----- INPUT DATA -----

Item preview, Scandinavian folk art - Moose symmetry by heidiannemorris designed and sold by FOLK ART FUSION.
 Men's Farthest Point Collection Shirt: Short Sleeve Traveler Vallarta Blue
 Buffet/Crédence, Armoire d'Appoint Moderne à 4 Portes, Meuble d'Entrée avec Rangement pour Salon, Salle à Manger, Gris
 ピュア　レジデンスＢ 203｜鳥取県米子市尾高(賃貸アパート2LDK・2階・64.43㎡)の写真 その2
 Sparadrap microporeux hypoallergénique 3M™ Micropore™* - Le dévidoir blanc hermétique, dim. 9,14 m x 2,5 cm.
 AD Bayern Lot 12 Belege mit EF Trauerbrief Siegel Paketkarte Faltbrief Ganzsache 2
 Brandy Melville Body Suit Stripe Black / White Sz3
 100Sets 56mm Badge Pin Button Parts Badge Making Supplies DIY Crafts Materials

-----

WHAT THE TASK REQUIRES: Restate every line of the data above exactly as it was written.

ANSWER TO THIS PROBLEM:
Item preview, Scandinavian folk art - Moose symmetry by heidiannemorris designed and sold by FOLK ART FUSION.
 Men's Farthest Point Collection Shirt: Short Sleeve Traveler Vallarta Blue
 Buffet/Crédence, Armoire d'Appoint Moderne à 4 Portes, Meuble d'Entrée avec Rangement pour Salon, Salle à Manger, Gris
 ピュア　レジデンスＢ 203｜鳥取県米子市尾高(賃貸アパート2LDK・2階・64.43㎡)の写真 その2
 Sparadrap microporeux hypoallergénique 3M™ Micropore™* - Le dévidoir blanc hermétique, dim. 9,14 m x 2,5 cm.
 AD Bayern Lot 12 Belege mit EF Trauerbrief Siegel Paketkarte Faltbrief Ganzsache 2
 Brandy Melville Body Suit Stripe Black / White Sz3
 100Sets 56mm Badge Pin Button Parts Badge Making Supplies DIY Crafts Materials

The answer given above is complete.